─── Record set ───
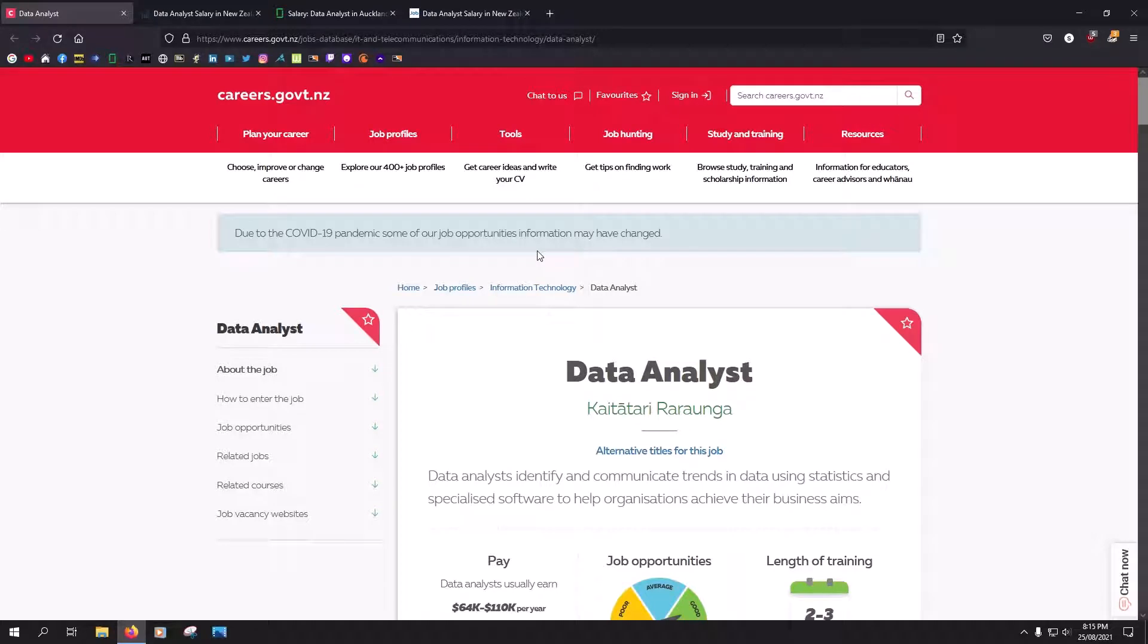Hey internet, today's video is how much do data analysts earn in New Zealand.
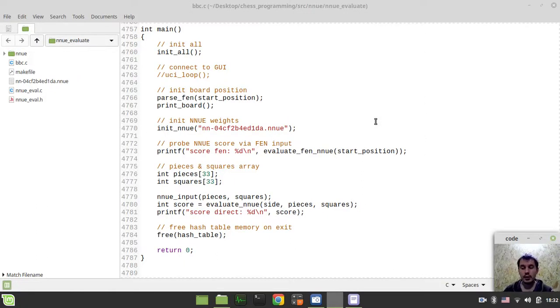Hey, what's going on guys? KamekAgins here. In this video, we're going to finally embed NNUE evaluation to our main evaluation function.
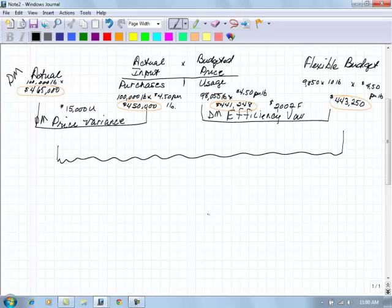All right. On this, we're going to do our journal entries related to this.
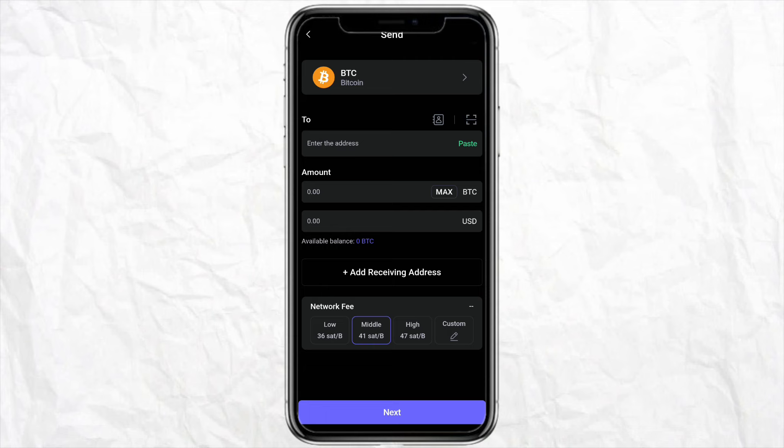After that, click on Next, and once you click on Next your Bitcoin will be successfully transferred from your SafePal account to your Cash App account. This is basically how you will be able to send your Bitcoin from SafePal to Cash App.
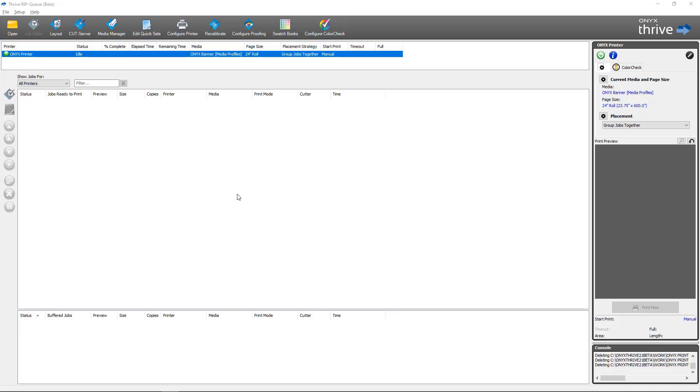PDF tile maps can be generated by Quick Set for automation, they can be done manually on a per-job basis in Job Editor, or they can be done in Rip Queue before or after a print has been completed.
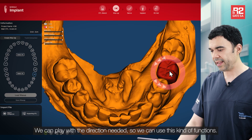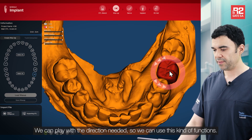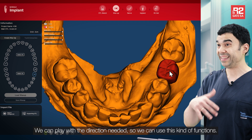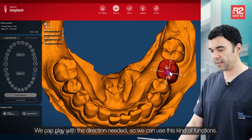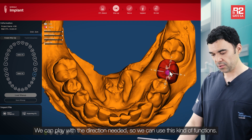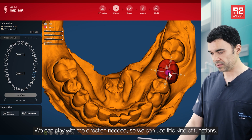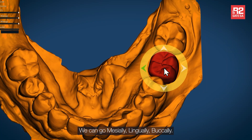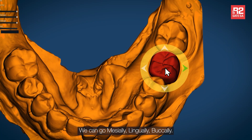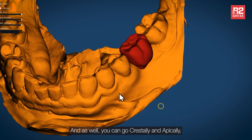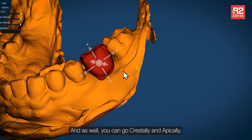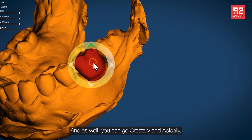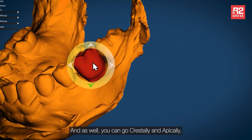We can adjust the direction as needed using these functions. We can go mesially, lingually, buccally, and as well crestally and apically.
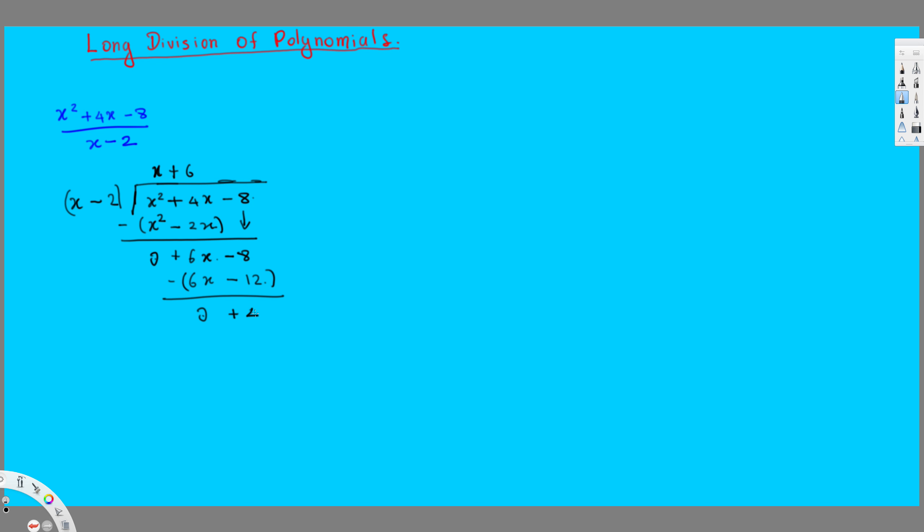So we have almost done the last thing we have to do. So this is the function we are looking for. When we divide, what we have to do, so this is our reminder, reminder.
───
### Work required:
The full text of the data above, exact and without pictures, is what to return.

### Response to this task:
Hey internet, today's video is how much do data analysts earn in New Zealand.
Hey, what's going on guys? KamekAgins here. In this video, we're going to finally embed NNUE evaluation to our main evaluation function.
All right. On this, we're going to do our journal entries related to this.
After that, click on Next, and once you click on Next your Bitcoin will be successfully transferred from your SafePal account to your Cash App account. This is basically how you will be able to send your Bitcoin from SafePal to Cash App.
PDF tile maps can be generated by Quick Set for automation, they can be done manually on a per-job basis in Job Editor, or they can be done in Rip Queue before or after a print has been completed.
We can adjust the direction as needed using these functions. We can go mesially, lingually, buccally, and as well crestally and apically.
So we have almost done the last thing we have to do. So this is the function we are looking for. When we divide, what we have to do, so this is our reminder, reminder.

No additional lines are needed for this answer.